ABSTRACT
Working capital management is very
crucial in this period of global financial turmoil. This is because illiquidity
is prevalent world wide necessitating that effective and efficient management
of any available cash will be needed to ensure that company breaks even and
survives this distressed time since credit is not easily come by. This project
presents empirical evidence of the effect of working capital management and
liquidity in Nigeria banking industry using annual financial report data for
the period 2000-20 10. These data were analyzed using descriptive statistics
and Financial Analysis Techniques of working capital ratios. Contrary to most
previous empirical works, cash operating cycle has a significantly positive
relationship with banks’ working capital management, just like debtors’
collection period; whiles creditors’ payment period exhibits a significantly
opposite relationship. However Nigeria banks appear to perform poorly in these
working ratios.
CHAPTER ONE
1.1 BACKGROUND
OF THE STUDY
Working Capital management is a
prime concern in a banking environment and a working capital deficiency (that
is excess of current liabilities over current assets) has often been a trigger
for bank failures. Working Capital of a Bank simply represents the operating
liquidity available to run the bank.
Management of working capital is
an important component of corporate financial management because it directly
affects the profitability and liquidity of all firms, irrespective of their
sizes. Working capital management refers to the management of current assets
and current liabilities. Researchers have approached working capital management
in numerous ways but there appear to be a consensus that working capital
management has a significant impact on returns, profitability and firm value
Deloof, (2003). Thus, efficient working capital management is known to have
many favourable effects: it speeds payment of short-term commitments on firms
(Peel et. al, 2000); it facilitates owner financing; it reduces working
capital as a cause of failure among small businesses (Berryman, 1983); it
ensures a sound liquidity for assurance of long-term economic growth and
attainment of profit generating process (Wignaraja and O’Neil,1999); and it
ensures acceptable relationship between the components of firms working capital
for efficient mix which guarantee capital adequacy, (Osisioma, 1997).
On the other hand, there is also a
general agreement from literature that inefficient working capital management
also induces small firms’ failures (Berryman, 1983), overtrading signs
(Appuhami, 2008), inability to propel firm liquidity and profitability,
(Eljielly, 2004; Peel and Wilson, 1996; and Shin and Soenen, 1998), and loss of
business due to scarcity of products, (Blinder and Maccini, 1991).

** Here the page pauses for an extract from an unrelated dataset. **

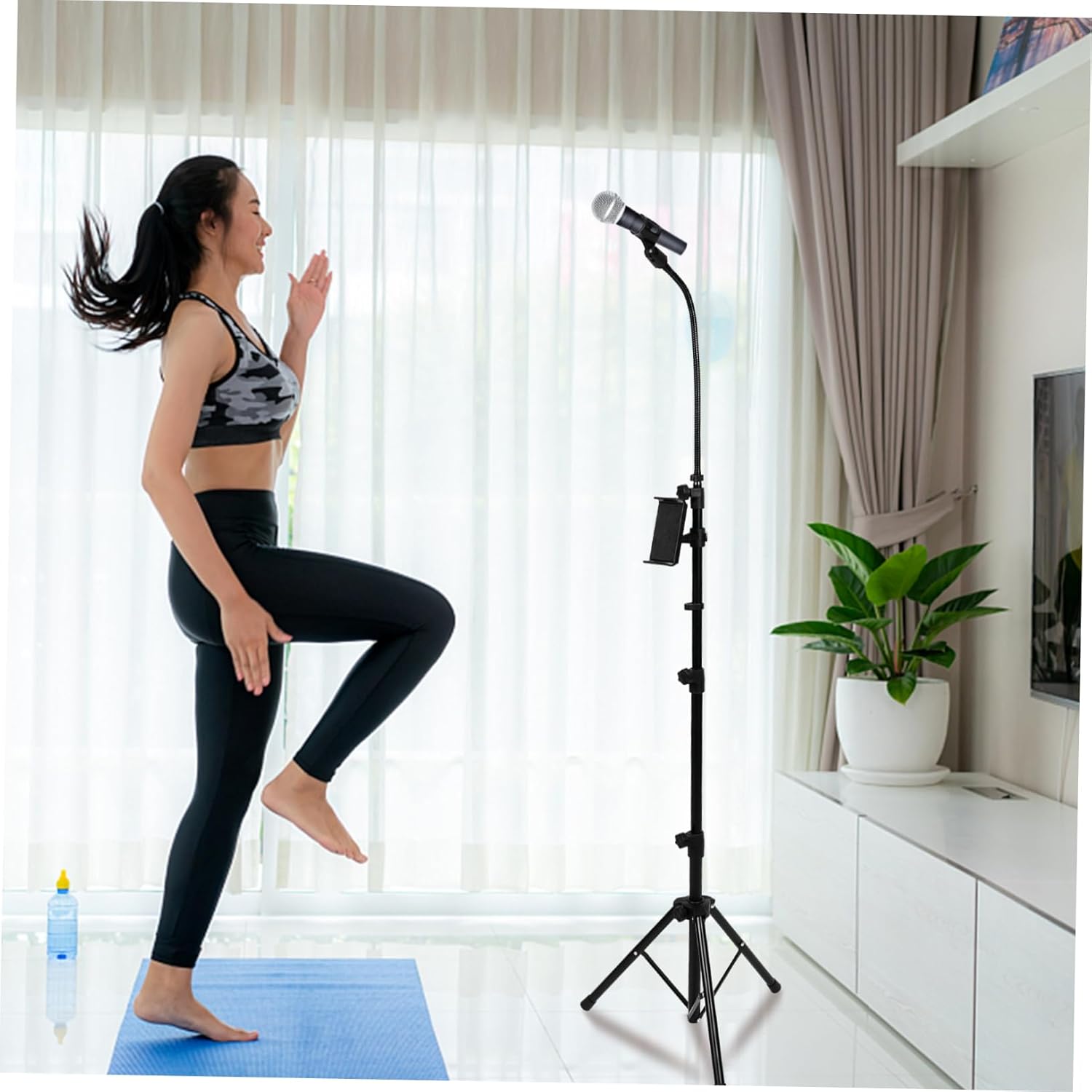 Kisangel 1set Adjustable Microphone Stand Clip Sturdy Floor Mic Stand for Stage Live Performance Podcasting and Karaoke Height Adjustable Tripod Carrying Bag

For all firms, in both developed
and developing economies, one of the fundamental objectives of working capital
management is to ensure that they have sufficient, regular and consistent cash
flow to fund their activities. This objective is particularly heightened for
financial institutions like banks. In banking business, being profitable and
liquid are not negotiable, at least for two reasons; to meet regulatory
requirement and to guarantee enough liquidity to meet customers’ unannounced
withdrawals. Consequently, proper working capital management would enable banks
in sustaining growth which, in turn leads to strong profitability and sound
liquidity for ensuring effective and efficient customer services.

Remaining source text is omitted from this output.